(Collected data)
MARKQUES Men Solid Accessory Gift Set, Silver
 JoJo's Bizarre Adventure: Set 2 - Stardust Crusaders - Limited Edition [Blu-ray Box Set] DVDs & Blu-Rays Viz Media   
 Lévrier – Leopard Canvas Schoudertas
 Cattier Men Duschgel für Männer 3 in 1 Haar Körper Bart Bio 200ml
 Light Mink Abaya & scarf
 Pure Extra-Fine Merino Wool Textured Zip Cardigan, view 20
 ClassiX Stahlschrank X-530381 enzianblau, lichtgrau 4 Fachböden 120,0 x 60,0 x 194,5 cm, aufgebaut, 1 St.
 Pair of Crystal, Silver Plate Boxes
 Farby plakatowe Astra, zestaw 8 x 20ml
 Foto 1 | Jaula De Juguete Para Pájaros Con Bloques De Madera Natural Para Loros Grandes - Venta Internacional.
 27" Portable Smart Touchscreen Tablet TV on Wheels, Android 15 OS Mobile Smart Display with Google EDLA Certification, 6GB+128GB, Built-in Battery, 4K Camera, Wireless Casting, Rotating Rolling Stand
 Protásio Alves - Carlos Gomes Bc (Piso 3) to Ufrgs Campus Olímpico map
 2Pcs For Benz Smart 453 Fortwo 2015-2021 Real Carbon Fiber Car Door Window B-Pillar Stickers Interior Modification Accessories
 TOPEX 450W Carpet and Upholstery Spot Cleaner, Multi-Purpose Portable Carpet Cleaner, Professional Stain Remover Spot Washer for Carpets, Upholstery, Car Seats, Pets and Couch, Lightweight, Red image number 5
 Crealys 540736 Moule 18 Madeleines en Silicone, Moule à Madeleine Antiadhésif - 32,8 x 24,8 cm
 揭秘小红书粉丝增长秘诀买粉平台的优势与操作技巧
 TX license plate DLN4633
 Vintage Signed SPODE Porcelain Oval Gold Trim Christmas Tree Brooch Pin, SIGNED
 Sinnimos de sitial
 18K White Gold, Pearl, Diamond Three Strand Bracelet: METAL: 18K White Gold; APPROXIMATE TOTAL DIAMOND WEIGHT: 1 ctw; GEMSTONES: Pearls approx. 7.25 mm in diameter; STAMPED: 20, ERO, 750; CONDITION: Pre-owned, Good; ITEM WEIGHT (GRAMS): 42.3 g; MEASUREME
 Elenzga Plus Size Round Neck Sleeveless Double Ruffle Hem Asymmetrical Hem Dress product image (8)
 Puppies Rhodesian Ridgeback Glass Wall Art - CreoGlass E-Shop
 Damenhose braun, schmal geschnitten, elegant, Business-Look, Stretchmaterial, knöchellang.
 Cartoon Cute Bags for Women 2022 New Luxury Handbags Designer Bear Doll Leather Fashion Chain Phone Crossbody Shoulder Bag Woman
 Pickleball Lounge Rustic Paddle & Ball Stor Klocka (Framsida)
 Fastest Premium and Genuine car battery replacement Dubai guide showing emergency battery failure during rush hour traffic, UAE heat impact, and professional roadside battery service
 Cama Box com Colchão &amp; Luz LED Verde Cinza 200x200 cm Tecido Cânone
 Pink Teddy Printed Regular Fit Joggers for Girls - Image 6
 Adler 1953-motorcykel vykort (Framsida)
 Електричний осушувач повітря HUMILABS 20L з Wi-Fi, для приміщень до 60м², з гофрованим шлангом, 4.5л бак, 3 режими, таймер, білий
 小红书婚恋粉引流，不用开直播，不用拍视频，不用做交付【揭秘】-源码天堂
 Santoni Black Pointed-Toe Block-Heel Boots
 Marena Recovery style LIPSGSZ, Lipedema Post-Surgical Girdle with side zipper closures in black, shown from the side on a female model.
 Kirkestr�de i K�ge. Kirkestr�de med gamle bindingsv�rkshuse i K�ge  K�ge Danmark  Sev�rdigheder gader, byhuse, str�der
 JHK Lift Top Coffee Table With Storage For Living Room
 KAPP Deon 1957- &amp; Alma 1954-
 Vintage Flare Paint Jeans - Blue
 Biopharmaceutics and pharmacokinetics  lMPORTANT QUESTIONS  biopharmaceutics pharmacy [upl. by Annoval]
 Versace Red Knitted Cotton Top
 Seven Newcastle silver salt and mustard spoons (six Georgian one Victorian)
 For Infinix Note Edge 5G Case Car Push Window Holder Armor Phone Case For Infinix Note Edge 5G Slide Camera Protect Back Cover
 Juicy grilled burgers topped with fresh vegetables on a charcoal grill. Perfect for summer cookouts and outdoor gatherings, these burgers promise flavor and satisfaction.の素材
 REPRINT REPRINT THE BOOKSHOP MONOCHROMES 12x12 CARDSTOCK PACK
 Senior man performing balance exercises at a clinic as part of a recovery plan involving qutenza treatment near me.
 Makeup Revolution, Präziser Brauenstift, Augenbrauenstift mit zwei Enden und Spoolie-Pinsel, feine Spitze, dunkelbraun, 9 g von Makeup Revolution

■ EXERCISE DESCRIPTION ■
The expected output is each line of the records above that includes the word "Gold".

■ TASK SOLUTION ■
 Vintage Signed SPODE Porcelain Oval Gold Trim Christmas Tree Brooch Pin, SIGNED
 18K White Gold, Pearl, Diamond Three Strand Bracelet: METAL: 18K White Gold; APPROXIMATE TOTAL DIAMOND WEIGHT: 1 ctw; GEMSTONES: Pearls approx. 7.25 mm in diameter; STAMPED: 20, ERO, 750; CONDITION: Pre-owned, Good; ITEM WEIGHT (GRAMS): 42.3 g; MEASUREME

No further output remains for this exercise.